Welcome to the group 8wheelto4wheel
And congrats on the 30RLS and enjoy!!!!
Don action


----------



## Sexy Momma (Apr 18, 2005)

Alright! That's super! Congrats on the new rig and welcome to the forum!









I'm glad everyone reassured you that you made a great choice. We have a way of doing that here.







That's why we bought an Outback too - cause all the great people here on the forum made us feel like it was a great quality product.

I guess there's some celebrating going on at 8wheelto4wheel's house. PARTY TIME!





































You wanna know what the band is singing?

"...and another one goes, and another one goes. Another one bites the dust. Hey, we're gonna get you too.
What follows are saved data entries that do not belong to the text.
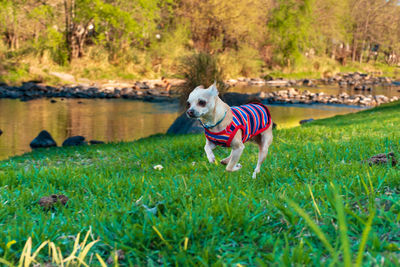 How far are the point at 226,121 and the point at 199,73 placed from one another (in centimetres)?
1478

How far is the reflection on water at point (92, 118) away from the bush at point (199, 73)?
2.57 metres

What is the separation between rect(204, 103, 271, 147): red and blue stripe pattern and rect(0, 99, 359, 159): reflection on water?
424 inches

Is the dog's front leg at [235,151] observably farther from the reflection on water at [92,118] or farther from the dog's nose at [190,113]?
the reflection on water at [92,118]

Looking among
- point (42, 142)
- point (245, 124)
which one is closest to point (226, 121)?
point (245, 124)

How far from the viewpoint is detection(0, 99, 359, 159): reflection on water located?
56.9ft

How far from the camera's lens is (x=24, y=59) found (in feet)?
117

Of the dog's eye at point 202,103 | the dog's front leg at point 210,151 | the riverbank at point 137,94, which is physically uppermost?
the dog's eye at point 202,103

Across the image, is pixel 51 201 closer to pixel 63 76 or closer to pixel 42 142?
pixel 42 142

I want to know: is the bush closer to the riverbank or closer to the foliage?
the foliage

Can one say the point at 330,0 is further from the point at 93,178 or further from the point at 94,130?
the point at 93,178

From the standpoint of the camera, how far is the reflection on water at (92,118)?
17.3 m

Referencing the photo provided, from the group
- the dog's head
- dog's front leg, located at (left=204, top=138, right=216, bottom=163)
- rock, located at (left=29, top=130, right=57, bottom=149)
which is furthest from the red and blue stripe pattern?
rock, located at (left=29, top=130, right=57, bottom=149)

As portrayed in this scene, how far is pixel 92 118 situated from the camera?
21750 mm

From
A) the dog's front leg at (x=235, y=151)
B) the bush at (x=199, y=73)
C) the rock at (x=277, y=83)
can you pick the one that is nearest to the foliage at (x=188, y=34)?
the bush at (x=199, y=73) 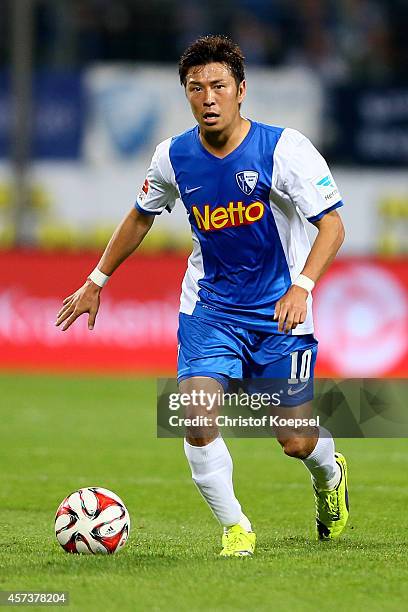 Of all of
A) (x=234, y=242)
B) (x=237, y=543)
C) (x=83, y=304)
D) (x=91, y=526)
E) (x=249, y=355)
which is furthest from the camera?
(x=83, y=304)

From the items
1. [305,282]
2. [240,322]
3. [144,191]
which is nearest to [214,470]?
[240,322]

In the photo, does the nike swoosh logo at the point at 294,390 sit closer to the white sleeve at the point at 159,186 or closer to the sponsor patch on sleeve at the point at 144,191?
the white sleeve at the point at 159,186

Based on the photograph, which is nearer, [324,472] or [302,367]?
[302,367]

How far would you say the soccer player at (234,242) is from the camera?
19.1 feet

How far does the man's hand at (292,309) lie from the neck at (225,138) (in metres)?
0.83

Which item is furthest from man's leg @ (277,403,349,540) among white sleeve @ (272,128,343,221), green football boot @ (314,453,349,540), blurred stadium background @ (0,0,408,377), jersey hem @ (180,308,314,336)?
blurred stadium background @ (0,0,408,377)

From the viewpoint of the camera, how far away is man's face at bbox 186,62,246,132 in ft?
19.1

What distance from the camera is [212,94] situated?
5.82 meters

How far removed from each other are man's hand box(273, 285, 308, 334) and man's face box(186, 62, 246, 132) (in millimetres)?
879

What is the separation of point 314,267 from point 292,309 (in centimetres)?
29

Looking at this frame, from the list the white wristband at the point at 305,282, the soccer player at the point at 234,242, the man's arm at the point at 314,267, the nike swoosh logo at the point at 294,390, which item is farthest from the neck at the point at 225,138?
the nike swoosh logo at the point at 294,390

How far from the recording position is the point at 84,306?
6.40m

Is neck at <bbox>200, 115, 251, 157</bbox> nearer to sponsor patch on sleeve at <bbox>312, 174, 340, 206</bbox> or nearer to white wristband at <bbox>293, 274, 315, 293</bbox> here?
sponsor patch on sleeve at <bbox>312, 174, 340, 206</bbox>

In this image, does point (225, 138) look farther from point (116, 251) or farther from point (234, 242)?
point (116, 251)
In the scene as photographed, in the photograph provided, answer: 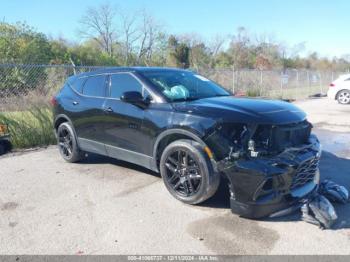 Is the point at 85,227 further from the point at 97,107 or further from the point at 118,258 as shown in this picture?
the point at 97,107

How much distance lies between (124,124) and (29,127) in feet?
13.2

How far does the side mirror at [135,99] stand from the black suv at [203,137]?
0.04 feet

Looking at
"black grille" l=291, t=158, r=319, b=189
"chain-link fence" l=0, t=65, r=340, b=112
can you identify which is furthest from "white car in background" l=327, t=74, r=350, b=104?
"black grille" l=291, t=158, r=319, b=189

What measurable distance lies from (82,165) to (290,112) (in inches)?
151

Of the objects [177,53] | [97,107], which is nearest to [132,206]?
[97,107]

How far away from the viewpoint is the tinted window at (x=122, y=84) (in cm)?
512

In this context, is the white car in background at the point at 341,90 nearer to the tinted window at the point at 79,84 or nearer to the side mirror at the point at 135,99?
the tinted window at the point at 79,84

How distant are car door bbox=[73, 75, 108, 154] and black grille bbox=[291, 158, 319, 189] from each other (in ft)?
10.0

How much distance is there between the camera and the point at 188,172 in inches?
170

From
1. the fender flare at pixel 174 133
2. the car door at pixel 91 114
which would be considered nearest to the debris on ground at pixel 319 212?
the fender flare at pixel 174 133

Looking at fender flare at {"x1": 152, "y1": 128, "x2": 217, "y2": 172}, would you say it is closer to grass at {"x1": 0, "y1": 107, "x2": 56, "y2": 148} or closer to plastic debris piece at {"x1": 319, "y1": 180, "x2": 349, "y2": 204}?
plastic debris piece at {"x1": 319, "y1": 180, "x2": 349, "y2": 204}

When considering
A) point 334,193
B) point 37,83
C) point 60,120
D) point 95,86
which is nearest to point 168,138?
point 95,86

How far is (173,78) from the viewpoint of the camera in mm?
5289

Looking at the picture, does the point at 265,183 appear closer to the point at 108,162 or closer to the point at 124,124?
the point at 124,124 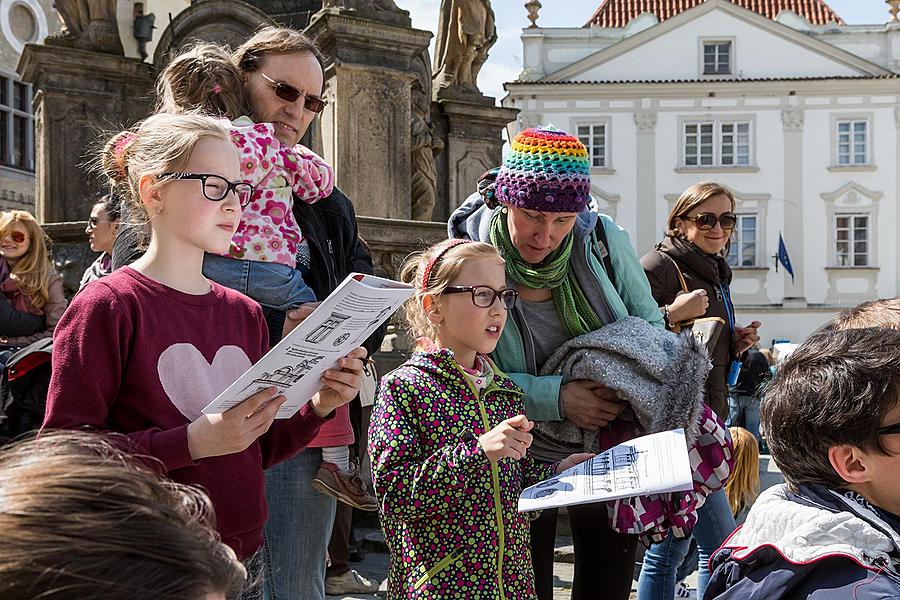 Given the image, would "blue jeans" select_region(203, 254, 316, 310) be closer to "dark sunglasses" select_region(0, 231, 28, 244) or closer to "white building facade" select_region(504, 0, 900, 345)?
"dark sunglasses" select_region(0, 231, 28, 244)

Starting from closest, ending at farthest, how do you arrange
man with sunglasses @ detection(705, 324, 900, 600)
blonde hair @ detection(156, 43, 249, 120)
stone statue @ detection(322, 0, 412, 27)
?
1. man with sunglasses @ detection(705, 324, 900, 600)
2. blonde hair @ detection(156, 43, 249, 120)
3. stone statue @ detection(322, 0, 412, 27)

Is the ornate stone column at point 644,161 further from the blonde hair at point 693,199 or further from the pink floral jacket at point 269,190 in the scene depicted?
the pink floral jacket at point 269,190

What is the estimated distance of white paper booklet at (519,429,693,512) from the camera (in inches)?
104

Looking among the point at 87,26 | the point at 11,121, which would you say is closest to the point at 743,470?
the point at 87,26

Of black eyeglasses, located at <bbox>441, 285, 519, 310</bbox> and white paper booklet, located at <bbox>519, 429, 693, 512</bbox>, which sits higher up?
black eyeglasses, located at <bbox>441, 285, 519, 310</bbox>

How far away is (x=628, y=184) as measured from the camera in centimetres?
3641

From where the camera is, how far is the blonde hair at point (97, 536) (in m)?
0.97

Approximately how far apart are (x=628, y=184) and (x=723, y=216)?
105ft

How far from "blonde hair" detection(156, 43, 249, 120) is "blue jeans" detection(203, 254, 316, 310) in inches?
18.8

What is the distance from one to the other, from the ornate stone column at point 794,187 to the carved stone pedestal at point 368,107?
29.6 metres

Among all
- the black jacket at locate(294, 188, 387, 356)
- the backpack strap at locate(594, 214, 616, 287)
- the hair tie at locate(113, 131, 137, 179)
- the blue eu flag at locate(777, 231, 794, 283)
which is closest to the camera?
the hair tie at locate(113, 131, 137, 179)

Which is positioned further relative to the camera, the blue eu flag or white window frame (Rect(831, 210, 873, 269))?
white window frame (Rect(831, 210, 873, 269))

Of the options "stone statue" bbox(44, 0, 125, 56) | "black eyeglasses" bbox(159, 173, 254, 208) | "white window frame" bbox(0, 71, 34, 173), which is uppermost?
"white window frame" bbox(0, 71, 34, 173)

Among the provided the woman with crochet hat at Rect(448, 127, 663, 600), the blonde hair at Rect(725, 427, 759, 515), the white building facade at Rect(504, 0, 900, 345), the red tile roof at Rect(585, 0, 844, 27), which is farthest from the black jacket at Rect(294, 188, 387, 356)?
the red tile roof at Rect(585, 0, 844, 27) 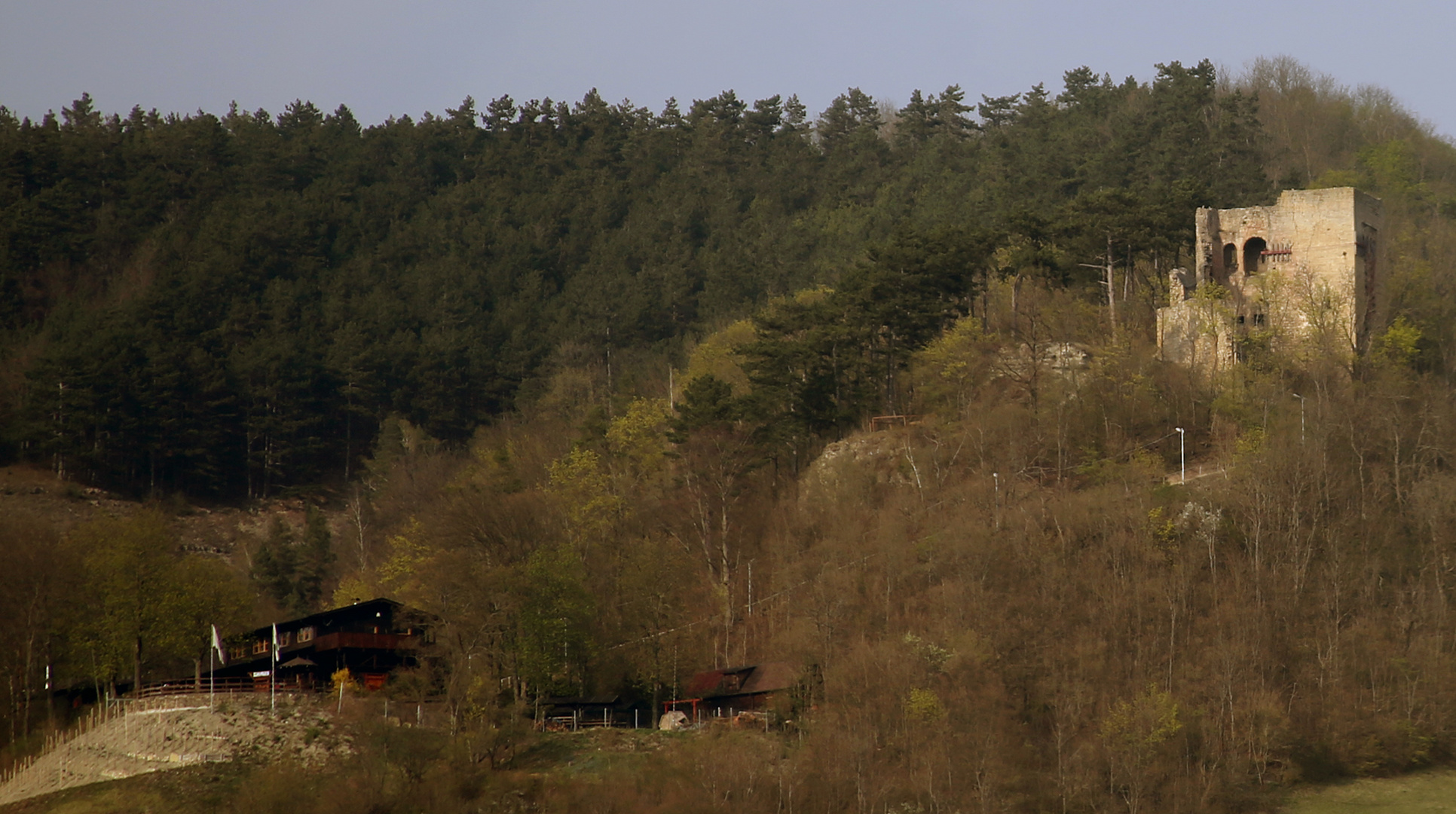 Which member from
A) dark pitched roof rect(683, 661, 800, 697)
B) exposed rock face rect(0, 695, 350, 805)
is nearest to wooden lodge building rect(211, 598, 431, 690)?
exposed rock face rect(0, 695, 350, 805)

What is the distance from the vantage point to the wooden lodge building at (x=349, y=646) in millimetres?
46562

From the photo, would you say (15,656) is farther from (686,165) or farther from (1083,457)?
(686,165)

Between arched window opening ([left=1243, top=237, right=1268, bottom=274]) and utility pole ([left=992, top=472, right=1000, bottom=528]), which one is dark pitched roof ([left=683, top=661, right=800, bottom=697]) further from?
arched window opening ([left=1243, top=237, right=1268, bottom=274])

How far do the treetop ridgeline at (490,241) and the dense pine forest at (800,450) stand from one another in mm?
267

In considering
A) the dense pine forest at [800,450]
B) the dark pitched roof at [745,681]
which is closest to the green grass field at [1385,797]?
the dense pine forest at [800,450]

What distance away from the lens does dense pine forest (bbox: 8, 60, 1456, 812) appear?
43031 mm

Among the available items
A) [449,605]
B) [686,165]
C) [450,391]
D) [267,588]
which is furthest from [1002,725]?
[686,165]

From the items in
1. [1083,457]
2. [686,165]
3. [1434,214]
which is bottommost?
[1083,457]

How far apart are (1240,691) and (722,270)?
47.5 meters

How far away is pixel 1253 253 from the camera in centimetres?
5853

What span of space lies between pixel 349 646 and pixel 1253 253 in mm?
31914

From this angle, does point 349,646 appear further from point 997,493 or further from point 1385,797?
point 1385,797

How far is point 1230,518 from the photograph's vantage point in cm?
4838

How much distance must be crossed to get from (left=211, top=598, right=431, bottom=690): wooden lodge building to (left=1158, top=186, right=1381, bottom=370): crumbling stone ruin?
83.1 feet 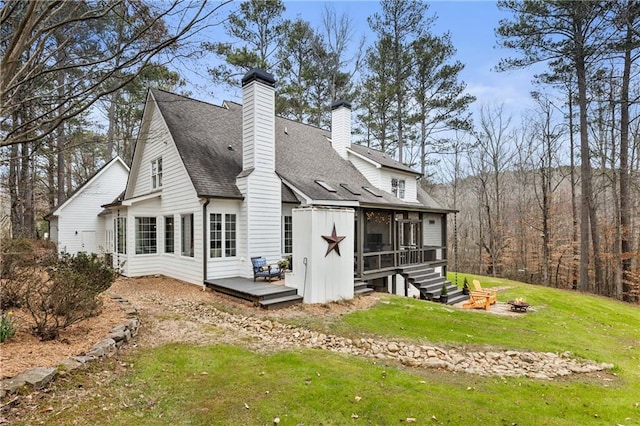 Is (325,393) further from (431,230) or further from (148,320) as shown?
(431,230)

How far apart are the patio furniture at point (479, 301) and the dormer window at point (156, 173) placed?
1285cm

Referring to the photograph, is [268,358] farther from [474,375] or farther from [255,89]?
[255,89]

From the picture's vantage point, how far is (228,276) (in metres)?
10.7

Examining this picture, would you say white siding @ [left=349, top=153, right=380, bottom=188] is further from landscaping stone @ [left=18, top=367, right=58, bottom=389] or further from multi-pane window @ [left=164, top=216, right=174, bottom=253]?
landscaping stone @ [left=18, top=367, right=58, bottom=389]

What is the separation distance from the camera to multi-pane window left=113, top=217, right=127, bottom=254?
13.0 m

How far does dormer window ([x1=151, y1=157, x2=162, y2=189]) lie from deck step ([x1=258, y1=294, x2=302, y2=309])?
783 centimetres

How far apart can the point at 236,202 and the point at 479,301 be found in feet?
30.9

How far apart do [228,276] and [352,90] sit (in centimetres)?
1961

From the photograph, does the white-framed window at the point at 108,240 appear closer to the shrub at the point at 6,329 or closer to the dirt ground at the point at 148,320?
the dirt ground at the point at 148,320

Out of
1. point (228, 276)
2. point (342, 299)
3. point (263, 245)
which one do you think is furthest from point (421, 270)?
point (228, 276)

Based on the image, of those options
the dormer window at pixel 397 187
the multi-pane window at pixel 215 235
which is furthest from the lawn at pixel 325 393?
the dormer window at pixel 397 187

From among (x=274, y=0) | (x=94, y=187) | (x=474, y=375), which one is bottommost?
(x=474, y=375)

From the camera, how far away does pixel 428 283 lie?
12.7 metres

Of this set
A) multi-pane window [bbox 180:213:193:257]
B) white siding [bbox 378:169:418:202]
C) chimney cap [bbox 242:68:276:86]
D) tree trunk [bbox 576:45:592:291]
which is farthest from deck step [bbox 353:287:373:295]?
tree trunk [bbox 576:45:592:291] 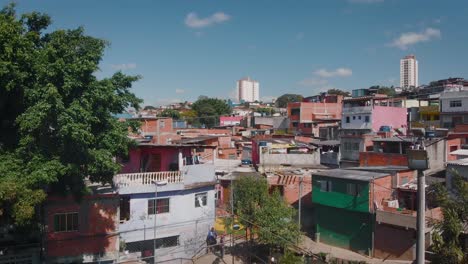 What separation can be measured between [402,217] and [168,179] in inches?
505

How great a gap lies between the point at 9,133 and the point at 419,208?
51.0ft

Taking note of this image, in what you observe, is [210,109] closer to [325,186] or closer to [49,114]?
[325,186]

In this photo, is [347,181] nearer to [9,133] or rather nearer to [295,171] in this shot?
[295,171]

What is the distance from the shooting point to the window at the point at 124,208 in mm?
20297

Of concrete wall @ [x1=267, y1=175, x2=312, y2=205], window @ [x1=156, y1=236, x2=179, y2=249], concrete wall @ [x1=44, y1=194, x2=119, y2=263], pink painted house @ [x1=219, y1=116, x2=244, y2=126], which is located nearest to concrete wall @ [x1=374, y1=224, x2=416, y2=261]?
concrete wall @ [x1=267, y1=175, x2=312, y2=205]

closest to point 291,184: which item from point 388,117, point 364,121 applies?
point 364,121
Another one bites the dust..."


----------



## kk5fe (Mar 6, 2005)

Hello 8wheelto4wheel








Congrats on the new 30RLS! We have been in ours twice so far and absolutly love it!







We keep looking at it sitting in the backyard waiting for the next outing!









You will have a ball in it!

Keith


----------



## Humpty (Apr 20, 2005)

Congrats 8wheelto4wheel









This really is a great site with tons of very useful information.

I must confess, I am jealous.....







Everyone keeps picking up their Outbacks, before me. I was going to pick up my 28BHS on Tuesday, but a business trip has forced me to delay the pick up until SAT 8:00 A.M. edt.






































Can you tell that I am excited????


----------



## Jay (Apr 24, 2005)

Congrats.....we picked up our 30RLS in Feb 05 and love this thing.

After your driveway burn in, take it out on short trips on weekends and really test it out. We have made three trips, and the "punch list" for problems is very short.

Our Dealer, Marshalls Trailerland in Buda TX is super. They fixed the few things that we brought to their attention rapidly.


----------



## Alaskan OutBackers (Apr 2, 2005)

Congrats on your 30rls and welcome to the forum, lots of good information comes from here.


----------